- **WORK REQUEST**: What follows is a set of records. Copy them exactly and leave out the images.
──────── MATERIAL SHOWN
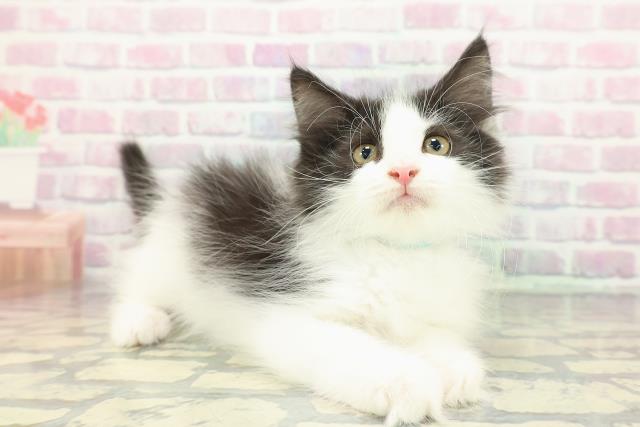 東京都のノルウェージャンフォレストキャット (Coo&RIKU赤坂店/2025年12月22日生まれ/男の子/ブラックホワイト)の子猫の3枚目の画像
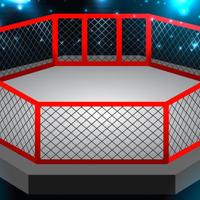 TELO / TELI PER RING DA BOXE E GABBIA MMA, 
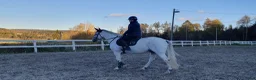 Allround hästar till salu: Ponny för framtiden - Annons 4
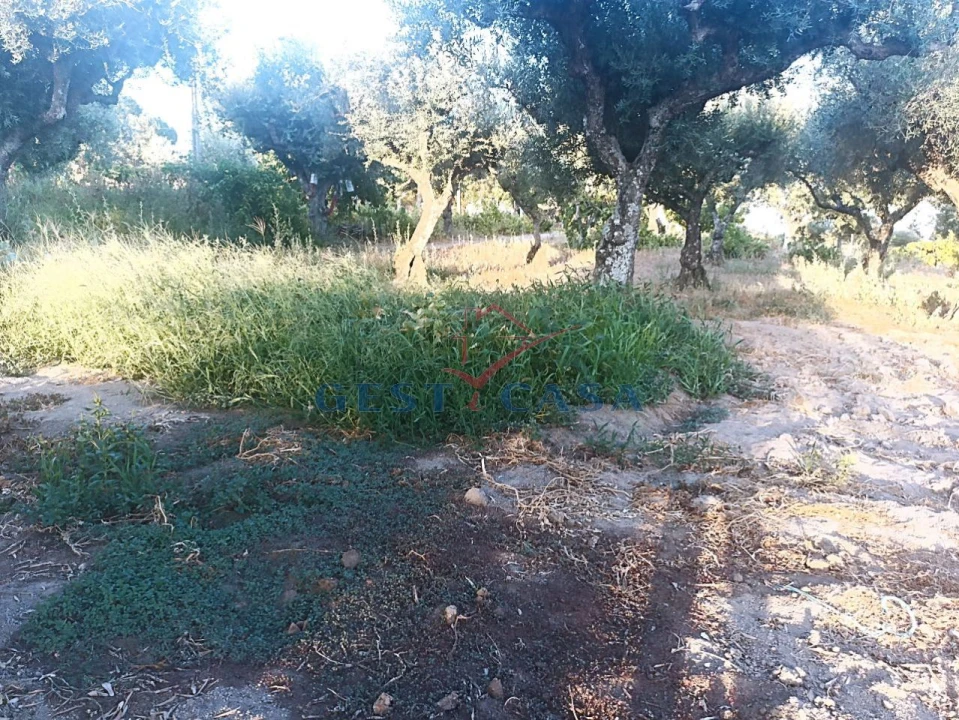 Terreno Agricola ou Rústico para Venda em Alcains Foto 13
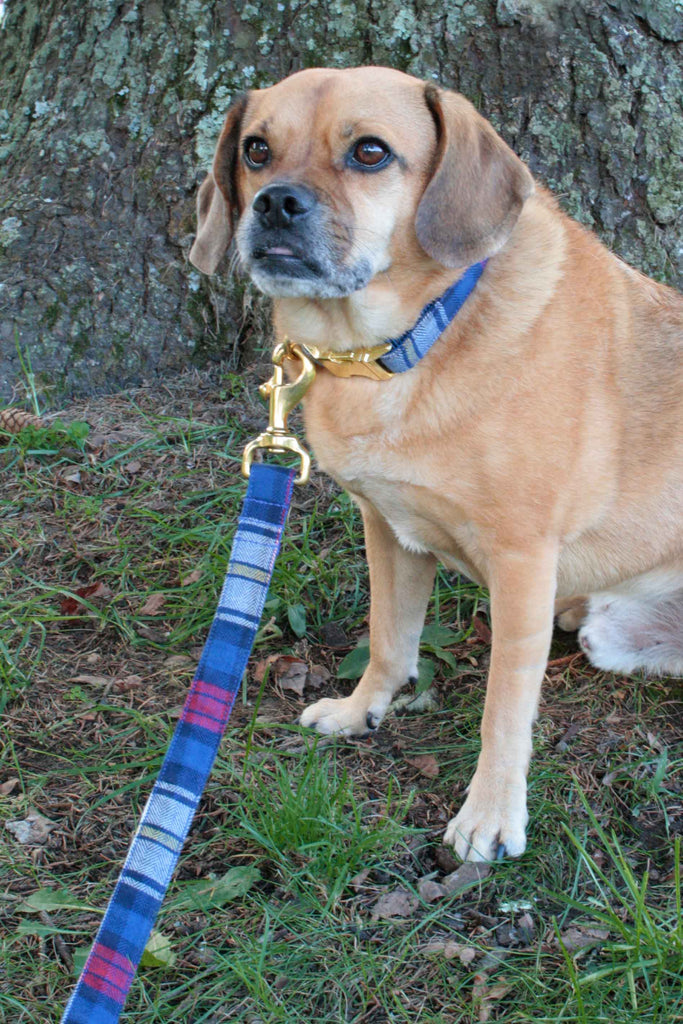 Royal Blue and Red Plaid Leash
────────────────
- **TASK ANSWER**:
 東京都のノルウェージャンフォレストキャット (Coo&RIKU赤坂店/2025年12月22日生まれ/男の子/ブラックホワイト)の子猫の3枚目の画像
 TELO / TELI PER RING DA BOXE E GABBIA MMA, 
 Allround hästar till salu: Ponny för framtiden - Annons 4
 Terreno Agricola ou Rústico para Venda em Alcains Foto 13
 Royal Blue and Red Plaid Leash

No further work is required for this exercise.